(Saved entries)
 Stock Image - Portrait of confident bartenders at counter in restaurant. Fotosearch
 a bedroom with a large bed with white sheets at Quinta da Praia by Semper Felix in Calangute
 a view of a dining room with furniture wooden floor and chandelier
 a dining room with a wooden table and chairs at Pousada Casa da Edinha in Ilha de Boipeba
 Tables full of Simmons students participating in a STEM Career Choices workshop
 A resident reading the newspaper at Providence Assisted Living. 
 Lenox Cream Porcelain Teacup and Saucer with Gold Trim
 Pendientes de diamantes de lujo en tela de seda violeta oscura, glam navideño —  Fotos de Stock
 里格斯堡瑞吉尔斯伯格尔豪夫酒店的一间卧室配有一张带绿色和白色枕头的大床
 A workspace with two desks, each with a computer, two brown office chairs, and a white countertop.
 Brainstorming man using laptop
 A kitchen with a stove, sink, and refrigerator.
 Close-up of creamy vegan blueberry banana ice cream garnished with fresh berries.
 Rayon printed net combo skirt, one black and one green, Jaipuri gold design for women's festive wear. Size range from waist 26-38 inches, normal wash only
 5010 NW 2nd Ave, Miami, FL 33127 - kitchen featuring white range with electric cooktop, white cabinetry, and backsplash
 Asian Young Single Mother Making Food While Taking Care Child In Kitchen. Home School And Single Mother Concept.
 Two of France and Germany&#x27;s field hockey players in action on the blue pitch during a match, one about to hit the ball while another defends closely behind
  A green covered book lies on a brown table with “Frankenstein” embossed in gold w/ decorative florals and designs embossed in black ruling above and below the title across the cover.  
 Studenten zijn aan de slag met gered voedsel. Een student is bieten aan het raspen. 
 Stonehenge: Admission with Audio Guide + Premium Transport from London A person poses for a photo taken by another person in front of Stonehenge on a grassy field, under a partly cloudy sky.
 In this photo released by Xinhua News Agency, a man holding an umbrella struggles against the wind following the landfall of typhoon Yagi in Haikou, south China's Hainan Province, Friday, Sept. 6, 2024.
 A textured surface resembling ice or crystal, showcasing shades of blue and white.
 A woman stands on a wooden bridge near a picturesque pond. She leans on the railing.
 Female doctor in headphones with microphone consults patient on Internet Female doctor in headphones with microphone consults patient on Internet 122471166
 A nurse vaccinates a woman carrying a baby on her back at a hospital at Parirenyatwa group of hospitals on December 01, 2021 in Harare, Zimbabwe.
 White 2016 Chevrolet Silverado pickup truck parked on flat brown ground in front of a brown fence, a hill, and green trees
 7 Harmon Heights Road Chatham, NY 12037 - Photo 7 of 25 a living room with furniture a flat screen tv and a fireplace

Required work:
All of the records above should be copied exactly.

Response to this task:
 Stock Image - Portrait of confident bartenders at counter in restaurant. Fotosearch
 a bedroom with a large bed with white sheets at Quinta da Praia by Semper Felix in Calangute
 a view of a dining room with furniture wooden floor and chandelier
 a dining room with a wooden table and chairs at Pousada Casa da Edinha in Ilha de Boipeba
 Tables full of Simmons students participating in a STEM Career Choices workshop
 A resident reading the newspaper at Providence Assisted Living. 
 Lenox Cream Porcelain Teacup and Saucer with Gold Trim
 Pendientes de diamantes de lujo en tela de seda violeta oscura, glam navideño —  Fotos de Stock
 里格斯堡瑞吉尔斯伯格尔豪夫酒店的一间卧室配有一张带绿色和白色枕头的大床
 A workspace with two desks, each with a computer, two brown office chairs, and a white countertop.
 Brainstorming man using laptop
 A kitchen with a stove, sink, and refrigerator.
 Close-up of creamy vegan blueberry banana ice cream garnished with fresh berries.
 Rayon printed net combo skirt, one black and one green, Jaipuri gold design for women's festive wear. Size range from waist 26-38 inches, normal wash only
 5010 NW 2nd Ave, Miami, FL 33127 - kitchen featuring white range with electric cooktop, white cabinetry, and backsplash
 Asian Young Single Mother Making Food While Taking Care Child In Kitchen. Home School And Single Mother Concept.
 Two of France and Germany&#x27;s field hockey players in action on the blue pitch during a match, one about to hit the ball while another defends closely behind
  A green covered book lies on a brown table with “Frankenstein” embossed in gold w/ decorative florals and designs embossed in black ruling above and below the title across the cover.  
 Studenten zijn aan de slag met gered voedsel. Een student is bieten aan het raspen. 
 Stonehenge: Admission with Audio Guide + Premium Transport from London A person poses for a photo taken by another person in front of Stonehenge on a grassy field, under a partly cloudy sky.
 In this photo released by Xinhua News Agency, a man holding an umbrella struggles against the wind following the landfall of typhoon Yagi in Haikou, south China's Hainan Province, Friday, Sept. 6, 2024.
 A textured surface resembling ice or crystal, showcasing shades of blue and white.
 A woman stands on a wooden bridge near a picturesque pond. She leans on the railing.
 Female doctor in headphones with microphone consults patient on Internet Female doctor in headphones with microphone consults patient on Internet 122471166
 A nurse vaccinates a woman carrying a baby on her back at a hospital at Parirenyatwa group of hospitals on December 01, 2021 in Harare, Zimbabwe.
 White 2016 Chevrolet Silverado pickup truck parked on flat brown ground in front of a brown fence, a hill, and green trees
 7 Harmon Heights Road Chatham, NY 12037 - Photo 7 of 25 a living room with furniture a flat screen tv and a fireplace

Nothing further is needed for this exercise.